For the vast majority of pet dogs (modified wolves), cats (modified desert predators) and ferrets (modified polecats), a diet of McCans or McKibble is their everyday reality. Spurlock's doctor told him he had to stop his unnatural experiment inside 30 days because he was killing himself. By contrast, the world's pet doctors (vets) encourage pet owners to feed McCans and McKibble every day of their pets' lives. I know; I was one such vet.
Poisoned five ways
For the first 15 years of my working life as a graduate of the Royal Veterinary College, University of London, I went along with conventional veterinary wisdom. I counseled my clients against the feeding of home-prepared meals because they were unlikely to get the "balance" of nutrients right, I suggested.
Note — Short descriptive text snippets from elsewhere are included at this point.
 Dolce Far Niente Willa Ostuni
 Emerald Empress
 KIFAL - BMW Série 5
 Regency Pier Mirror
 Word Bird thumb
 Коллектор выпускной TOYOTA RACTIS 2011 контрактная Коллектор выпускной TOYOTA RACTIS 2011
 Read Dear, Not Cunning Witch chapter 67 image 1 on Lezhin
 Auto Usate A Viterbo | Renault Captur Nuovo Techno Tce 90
Raw meat posed a risk due to bacteria and lack of calcium, so I said. As for bones, everyone knew that bones posed a hazard for breaking teeth and causing obstruction. And whoever heard of feeding bones to cats? The manufacturers have removed the guesswork, I assured my clients. "Giant companies understand the science and have the resources to ensure the best possible fare for your pet. It's convenient, too!"
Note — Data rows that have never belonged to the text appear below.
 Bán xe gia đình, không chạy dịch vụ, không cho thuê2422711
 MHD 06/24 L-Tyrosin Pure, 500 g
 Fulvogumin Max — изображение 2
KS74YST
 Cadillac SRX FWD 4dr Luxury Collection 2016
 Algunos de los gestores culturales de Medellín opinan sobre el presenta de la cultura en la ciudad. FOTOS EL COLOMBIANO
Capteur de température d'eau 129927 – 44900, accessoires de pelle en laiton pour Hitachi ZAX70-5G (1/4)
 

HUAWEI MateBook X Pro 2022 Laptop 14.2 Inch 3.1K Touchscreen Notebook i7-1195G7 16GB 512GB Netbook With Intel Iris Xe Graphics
With the matter of diet for my patients glossed over, I could return to the more pressing problems associated with diagnosis and treatment. After all, that's what I was trained to do and that's what my clients expected of me, and the stream of sick pets with skin disease, heart, liver, bowel and dental disease, cancer and other maladies was never
Oh, how I cringe! How culpably, horribly wrong I had been! As varied as my patients were in size, species, age, sex and breed, the one common uniting feature was their junk food diet. They were all fed McCans and McKibble, and almost without exception this was the reason why the animals needed my services. Yes, it's as simple and dramatic as that, and for the following reasons:
1. Canned soft foods and grain-based kibble do not clean teeth. In fact, food sludge sticks to teeth and feeds the bacteria in dental plaque. The body's second line of defense, the immune system, mobilizes against the bacterial invaders. The result: inflamed gums, bad breath, circulating bacteria and bacterial poisons that affect the rest of the body. (*2,*3)
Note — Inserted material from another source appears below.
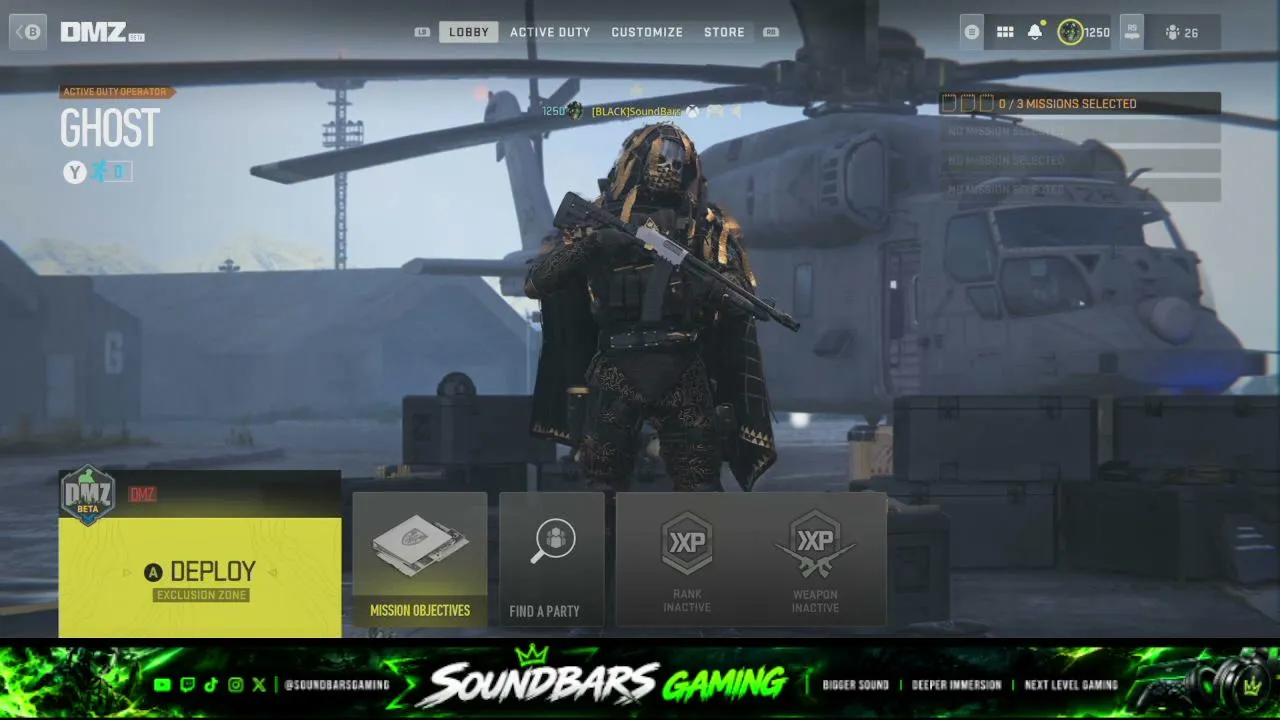 Call of Duty Weekend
2. Dogs, cats and ferrets don't have the digestive enzymes in the right quality or quantity to deal with the nutrients in grains and other plant material, whether those nutrients are raw or cooked. When grains are cooked at high temperatures at the pet food factory, the starches, proteins and fats become denatured or toxic to varying degrees.(*4) Junk food is laden with colorants, preservatives, humectants and a raft of other strange chemical additives, none with any nutritive value and all toxic to varying d e g r e e s.(*5) Once in the bowel of a carnivore, toxic nutrients are absorbed into the circulation and affect various body systems.
3. Poorly digested grain based junk food supports a large population of toxin producing bacteria in the lower bowel. The bowel lining, in constant contact with poisons, may be adversely affected. Some poisons pass through the bowel wall into the blood circulation, are carried to other organs and create further problems.(*6)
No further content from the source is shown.